Paul Prinsloo will be presenting a keynote talk at LASI 2022 (Salamanca, Spain, June 20-21).

‘Beyond’ ethics: mapping the trajectory (and futures) of ethics in learning analytics
Abstract: While the first Learning Analytics Conference in 2011 introduced learning analytics as a distinct research focus and practice, the collection, analysis, and use of student data has been part of education and specifically higher education for a very long-time preceding LAK’11. Likewise, concerns regarding ethical issues data have always been an integral part of discourses surrounding and research into the collection, analysis, and use of student data. As higher education become increasingly digitised and datafied, higher education institutions have access to not only more data, but also greater varieties and velocity of data, often in real-time, deepening concerns about the ethical implications but also raising different ethical issues than before.
Since LAK’11 many institutions developed codes of practice or policies to address various concerns and to ensure ethical practice.

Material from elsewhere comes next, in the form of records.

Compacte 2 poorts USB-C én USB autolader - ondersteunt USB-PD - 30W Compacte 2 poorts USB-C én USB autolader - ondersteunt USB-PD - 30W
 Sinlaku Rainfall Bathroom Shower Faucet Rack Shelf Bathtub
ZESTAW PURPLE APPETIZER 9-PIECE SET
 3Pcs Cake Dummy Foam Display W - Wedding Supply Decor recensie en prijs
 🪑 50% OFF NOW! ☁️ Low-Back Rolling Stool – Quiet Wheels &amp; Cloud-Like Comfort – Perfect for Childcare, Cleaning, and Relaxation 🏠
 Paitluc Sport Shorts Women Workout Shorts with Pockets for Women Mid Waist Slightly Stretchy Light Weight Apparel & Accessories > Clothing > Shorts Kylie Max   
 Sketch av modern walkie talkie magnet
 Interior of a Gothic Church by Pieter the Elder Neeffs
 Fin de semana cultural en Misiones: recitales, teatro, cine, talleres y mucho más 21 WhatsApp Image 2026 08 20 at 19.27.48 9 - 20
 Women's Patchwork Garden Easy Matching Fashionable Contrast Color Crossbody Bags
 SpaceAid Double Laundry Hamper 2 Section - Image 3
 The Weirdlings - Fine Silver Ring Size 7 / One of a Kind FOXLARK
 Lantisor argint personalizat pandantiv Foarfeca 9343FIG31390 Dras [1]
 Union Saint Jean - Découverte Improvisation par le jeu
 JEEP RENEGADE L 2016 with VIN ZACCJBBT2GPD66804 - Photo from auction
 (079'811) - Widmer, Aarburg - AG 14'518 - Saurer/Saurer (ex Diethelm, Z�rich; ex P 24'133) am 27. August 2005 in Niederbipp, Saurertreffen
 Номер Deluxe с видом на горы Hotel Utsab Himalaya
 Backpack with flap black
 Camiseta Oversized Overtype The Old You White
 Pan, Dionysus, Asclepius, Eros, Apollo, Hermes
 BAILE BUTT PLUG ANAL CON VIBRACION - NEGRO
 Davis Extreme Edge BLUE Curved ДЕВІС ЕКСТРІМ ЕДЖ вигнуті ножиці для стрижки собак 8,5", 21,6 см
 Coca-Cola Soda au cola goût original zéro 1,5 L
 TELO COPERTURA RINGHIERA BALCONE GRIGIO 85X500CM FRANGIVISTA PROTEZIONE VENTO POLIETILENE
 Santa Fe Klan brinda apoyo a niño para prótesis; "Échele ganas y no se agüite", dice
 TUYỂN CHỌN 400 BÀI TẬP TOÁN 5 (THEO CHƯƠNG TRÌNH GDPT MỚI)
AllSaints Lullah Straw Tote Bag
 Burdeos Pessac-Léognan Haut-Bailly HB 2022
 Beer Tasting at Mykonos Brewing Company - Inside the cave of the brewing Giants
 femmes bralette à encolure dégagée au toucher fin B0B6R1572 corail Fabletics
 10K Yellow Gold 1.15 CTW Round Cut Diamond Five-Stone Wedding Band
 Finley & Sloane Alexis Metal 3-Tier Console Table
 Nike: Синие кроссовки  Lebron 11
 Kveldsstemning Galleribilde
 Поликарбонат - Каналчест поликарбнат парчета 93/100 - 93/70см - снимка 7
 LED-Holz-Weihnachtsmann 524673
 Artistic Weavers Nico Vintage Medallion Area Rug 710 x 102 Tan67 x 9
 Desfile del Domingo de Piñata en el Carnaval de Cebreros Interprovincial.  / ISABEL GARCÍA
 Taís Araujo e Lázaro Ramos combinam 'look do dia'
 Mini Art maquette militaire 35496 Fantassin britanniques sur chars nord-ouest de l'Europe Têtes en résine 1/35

Learning analytics is, however, not an island, and emerging evidence suggests that discourses in the broader context of data science and the deployment of human-algorithmic decision-making systems have moved ‘beyond’ ethics, as a wide range of issues such as fairness, equity, social justice and more recently, calls to decolonise data and learning analytics, are claiming attention.
In this talk, I will tentatively map the trajectory of ethics in learning analytics and conclude with discussing some implications of this move ‘beyond’ ethics for policy, research and learning analytics practice.

Bio: Paul Prinsloo is a Research Professor in Open and Distance Learning (ODL) in the College of Economic and Management Sciences, University of South Africa (Unisa). His academic background includes fields as diverse as theology, art history, business management, online learning, and religious studies. Paul is an established researcher and has published numerous articles in the fields of teaching and learning, student success in distance education contexts, learning analytics, and curriculum development. His current research focuses on the collection, analysis and use of student data in learning analytics, graduate supervision and digital identity.